It’s been an interesting few months and I’ll catch up with some of the things I’ve been tinkering with in a few future posts, but I wanted to give a primer on the technology layout for Hoist.
I’ve been a developer for most of my life, I remember my mum (who had the foresight to see that computers were not going away) buying computing magazines and helping my eldest brother type in code to display a christmas tree on the screen of our BBC model B. I remember assembling my first 386 PC from parts.
But it’s been a long time since I’ve been a tinkerer. Software development as a profession tends to put you on a single track, a single set of languages/frameworks/tools. You become a specialist through no fault of your own.

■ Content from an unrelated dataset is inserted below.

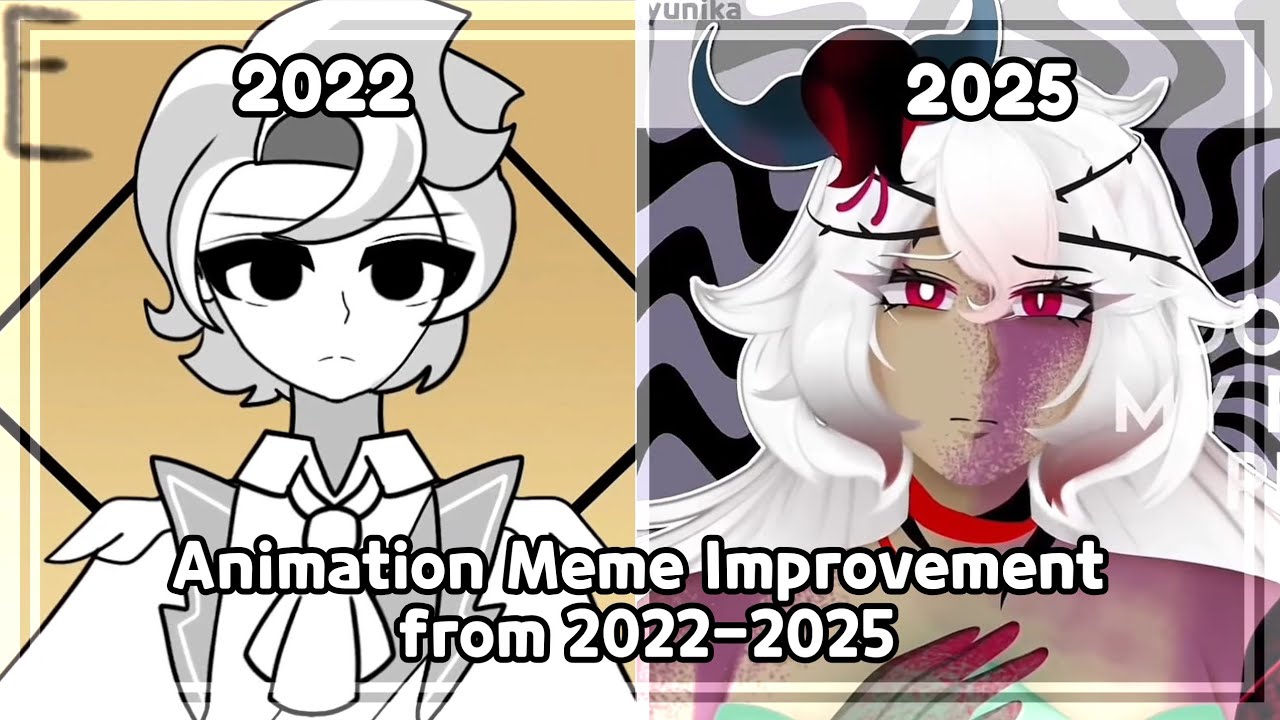 Улучшение анимационных мемов с 2022 по 2025 год! || Новогодний спецвыпуск Cookie Run Kingdom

I’ve previously spoken of my efforts to not fall into this mould, learning a language a year, attending different user groups to my own, setting up WDCNZ as a cross language conference.
All of this has led to this point of trying to pick the best technologies for the goal of creating a really easy platform to use.
Early on our decision was that JSON would be the language of choice for communications. Our target market for our first BETA (front end developers) would be comfortable with it as a language for data and it’s becoming ubiquitous across all kinds of development teams.
As such I quickly dived into learning all I could about what store would be best to back our data service (one of the cornerstone offerings for Hoist) quickly settling on CouchDB as being one of the most robust choices to use.
Hoist currently consists of
Azure for VMs running linux,
Chef for VM provisioning and maintenance,
Capistrano for deployment,
MongoDB (don’t kill me Koz),
and a couple of other little bits and pieces.
I’ll aim to go into each of these in a bit more detail (probably starting with Chef and Capistrano as those were the hardest for me to get my head round/setup)
Needless to say it’s been an enjoyable experience so far, and we’re only just getting started.